### What you need to do
Copy out each line of the material below that holds the string "Ergonomic".

### Information shown
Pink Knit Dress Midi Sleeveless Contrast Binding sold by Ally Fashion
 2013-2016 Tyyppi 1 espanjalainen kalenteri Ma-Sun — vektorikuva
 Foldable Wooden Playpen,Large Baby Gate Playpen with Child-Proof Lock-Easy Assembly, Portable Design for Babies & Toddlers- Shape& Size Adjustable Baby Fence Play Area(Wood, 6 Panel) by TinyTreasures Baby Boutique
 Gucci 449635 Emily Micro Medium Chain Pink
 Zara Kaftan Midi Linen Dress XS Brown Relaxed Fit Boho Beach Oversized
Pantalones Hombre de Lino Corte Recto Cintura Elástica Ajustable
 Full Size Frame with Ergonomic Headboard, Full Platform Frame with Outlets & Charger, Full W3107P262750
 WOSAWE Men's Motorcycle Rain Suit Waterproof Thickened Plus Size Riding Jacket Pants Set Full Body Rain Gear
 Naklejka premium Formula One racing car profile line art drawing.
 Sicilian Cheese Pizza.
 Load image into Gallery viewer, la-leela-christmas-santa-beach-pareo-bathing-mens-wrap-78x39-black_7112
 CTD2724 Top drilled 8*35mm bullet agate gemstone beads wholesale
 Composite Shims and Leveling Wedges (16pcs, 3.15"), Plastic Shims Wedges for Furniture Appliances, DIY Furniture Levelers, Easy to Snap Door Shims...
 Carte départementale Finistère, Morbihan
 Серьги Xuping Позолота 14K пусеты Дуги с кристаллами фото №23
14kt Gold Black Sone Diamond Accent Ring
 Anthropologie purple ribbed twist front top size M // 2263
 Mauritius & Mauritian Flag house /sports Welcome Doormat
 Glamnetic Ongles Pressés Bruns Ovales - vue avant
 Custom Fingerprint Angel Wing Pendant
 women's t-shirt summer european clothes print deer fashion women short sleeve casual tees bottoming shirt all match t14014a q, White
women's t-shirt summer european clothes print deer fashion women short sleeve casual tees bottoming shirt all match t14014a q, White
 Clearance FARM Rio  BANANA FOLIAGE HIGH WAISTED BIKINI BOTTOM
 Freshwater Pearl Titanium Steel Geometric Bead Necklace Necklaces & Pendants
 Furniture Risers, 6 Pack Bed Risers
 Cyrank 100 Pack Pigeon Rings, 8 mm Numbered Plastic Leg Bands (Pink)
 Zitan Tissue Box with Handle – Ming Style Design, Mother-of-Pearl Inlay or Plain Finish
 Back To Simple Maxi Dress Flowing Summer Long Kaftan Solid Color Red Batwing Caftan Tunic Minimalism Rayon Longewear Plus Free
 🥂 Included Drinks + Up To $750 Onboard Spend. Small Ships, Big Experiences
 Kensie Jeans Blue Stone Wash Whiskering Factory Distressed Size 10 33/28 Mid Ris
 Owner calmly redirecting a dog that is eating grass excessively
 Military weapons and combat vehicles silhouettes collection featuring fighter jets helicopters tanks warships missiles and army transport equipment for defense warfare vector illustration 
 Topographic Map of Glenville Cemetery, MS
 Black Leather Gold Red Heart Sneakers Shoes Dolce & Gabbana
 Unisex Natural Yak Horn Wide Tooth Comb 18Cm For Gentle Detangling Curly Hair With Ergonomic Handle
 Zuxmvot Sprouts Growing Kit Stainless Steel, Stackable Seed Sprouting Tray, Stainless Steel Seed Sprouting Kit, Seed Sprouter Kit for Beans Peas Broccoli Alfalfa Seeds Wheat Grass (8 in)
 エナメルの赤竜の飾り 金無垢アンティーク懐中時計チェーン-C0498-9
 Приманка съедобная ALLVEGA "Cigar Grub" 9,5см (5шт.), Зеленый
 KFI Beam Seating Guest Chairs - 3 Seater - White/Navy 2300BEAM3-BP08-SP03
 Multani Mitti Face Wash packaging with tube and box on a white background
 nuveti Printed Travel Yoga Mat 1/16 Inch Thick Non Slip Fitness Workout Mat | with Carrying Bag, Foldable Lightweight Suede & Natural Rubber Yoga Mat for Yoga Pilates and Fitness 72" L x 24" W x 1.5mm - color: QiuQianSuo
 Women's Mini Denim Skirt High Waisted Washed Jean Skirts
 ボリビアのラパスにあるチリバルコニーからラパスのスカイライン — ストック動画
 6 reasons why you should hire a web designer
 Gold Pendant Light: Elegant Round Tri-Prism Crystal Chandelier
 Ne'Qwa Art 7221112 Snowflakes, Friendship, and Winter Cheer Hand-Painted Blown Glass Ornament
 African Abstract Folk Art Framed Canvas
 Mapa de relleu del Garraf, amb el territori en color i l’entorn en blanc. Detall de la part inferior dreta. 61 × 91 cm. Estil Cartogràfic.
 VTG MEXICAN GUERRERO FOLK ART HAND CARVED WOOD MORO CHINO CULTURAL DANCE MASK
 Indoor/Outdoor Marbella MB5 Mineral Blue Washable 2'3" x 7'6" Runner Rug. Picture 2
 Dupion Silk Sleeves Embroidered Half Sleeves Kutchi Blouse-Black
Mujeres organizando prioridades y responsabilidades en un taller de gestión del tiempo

### Completed task
 Full Size Frame with Ergonomic Headboard, Full Platform Frame with Outlets & Charger, Full W3107P262750
 Unisex Natural Yak Horn Wide Tooth Comb 18Cm For Gentle Detangling Curly Hair With Ergonomic Handle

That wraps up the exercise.